La ex actriz porno Mia Khalifa


El autor del artículoFerrán Caballero, profesor de Filosofía,  reflexiona sobre la naturaleza de la pornografía y critica a quienes la denuncian como violenta explotación de la mujer. 

La discusión sobre el topless en las piscinas públicas, comienza diciendo Ferrán Caballero, en seguida dio paso a la prescripción del topless entre niñas preadolescentes. Se trataba, según leí, de evitar que el bikini de dos piezas erotizase el pecho femenino. Cabe preguntarse por qué.

La preocupación no venía de la mirada que ese pequeño e inútil sujetador pudiese suscitar en el bañista sino de la actitud que fomenta en las niñas. Se trataba, se trata, de educarlas para que conciban sus pechos en plena igualdad con los pechos masculinos. Sin carga erótica suplementaria. Es el mismo principio que alienta la campaña free the nipple contra la censura y por la libre exhibición del pecho femenino en las redes sociales. También esta campaña insiste en la comparación con el pecho masculino, demostrando hasta qué punto buena parte del feminismo ha hecho suya la convicción, asumamos que católica, de que lo erótico debe mantenerse oculto. Se permite e incluso se reivindica la libre exhibición del pecho femenino, pero a condición de deserotizarlo. Es una concepción equivocada tanto de lo erótico como de lo libre.
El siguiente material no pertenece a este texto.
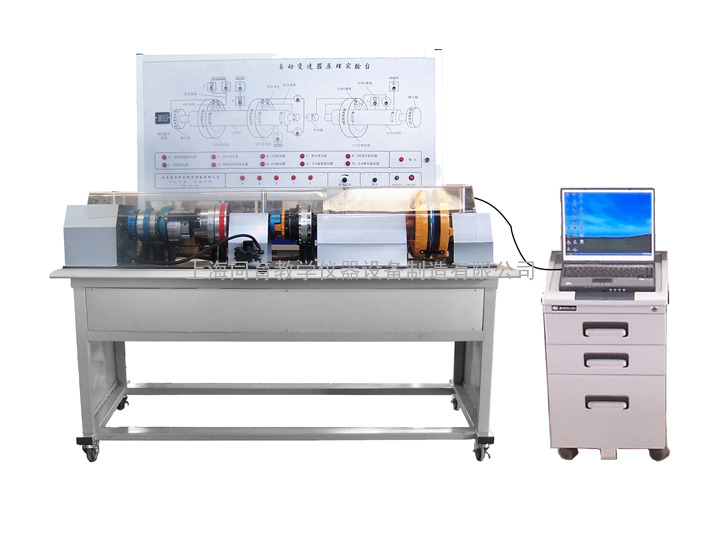 汽车自动变速器多媒体实验台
De entrada, porque los pechos no pueden (des)erotizarse a conveniencia de la última moda ideológica. Los pechos son eróticos por naturaleza. Han evolucionado para ser más grandes que los de nuestros lejanos parientes, precisamente para ser más atractivos para los hombres. Para ser indicadores de madurez sexual. Cuando se da, claro. Cuando todo lo que se da es una niña que insiste en llevar el sujetador del bikini, lo único que señalan es una niña que quiere parecer mayor. Cuando lo que se da es una madre empeñada en politizar el asunto, lo único que tenemos es una madre que quiere que las niñas sigan siendo niñas, quién sabe hasta cuándo.
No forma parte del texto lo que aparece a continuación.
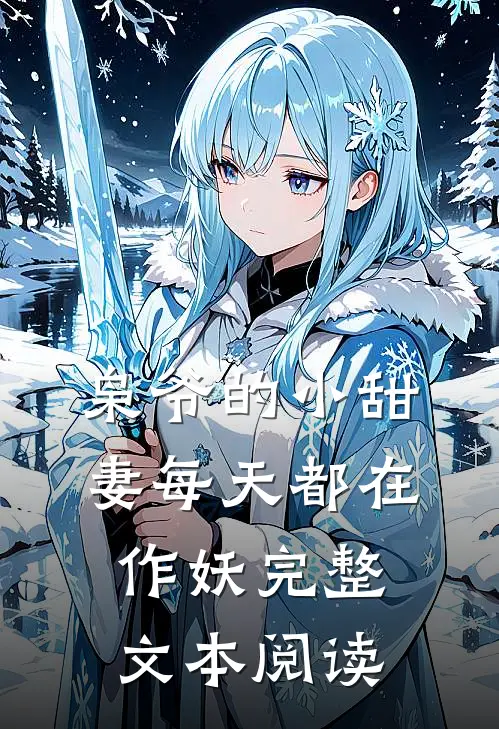 枭爷的小甜妻每天都在作妖完整文本阅读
Después, porque se percibe lo erótico como algo que esclaviza a la mujer y la convierte en objeto sexual al servicio del hombre. Esta es una visión muy pobre tanto de la naturaleza de eros como del hombre y que en pocos asuntos se hace tan manifiesta como en la discusión sobre la pornografía. Lo hemos vuelto a ver en reacción a una entrevista en la BBC a Mia Khalifa, ex actriz porno americano-libanesa, retirada y arrepentida, que se hizo famosa por rodar unas escenas con velo.

La entrevista es interesante por su denuncia de la industria y debería servir como advertencia a cualquier joven que, como ella, pretenda "hacer porno como su pequeño y sucio secreto". Pero todos sabemos que los debates sobre la industria suelen ser excusas para denunciar la pornografía y su naturaleza supuestamente violenta, explotadora y sexista. Por eso, aunque Khalifa asume "al 100%" la responsabilidad de sus errores, sus defensoras hacen con ella como suelen hacer con prostitutas e incluso azafatas: les niegan la libertad en nombre de la liberación. Si no pueden aceptar que estas mujeres sean libres es porque no pueden reconocerse en sus decisiones. Es un razonamiento equivocado pero comprensible, porque aunque la libertad propia parece evidente en la duda y en el arrepentimiento, la de los demás es siempre misteriosa. Uno puede explicar cualquier conducta del prójimo, como mal hacen ellas, como el resultado lógico y necesario de presiones sociales, prejuicios, etc. Y es así, con este paternalismo metafísico, como suelen hablar del porno, del que tienen una visión tan negativa que les resulta inconcebible que nadie en su sano juicio se dedique a él voluntariamente. Es algo que sólo explicarían el trauma o la coacción.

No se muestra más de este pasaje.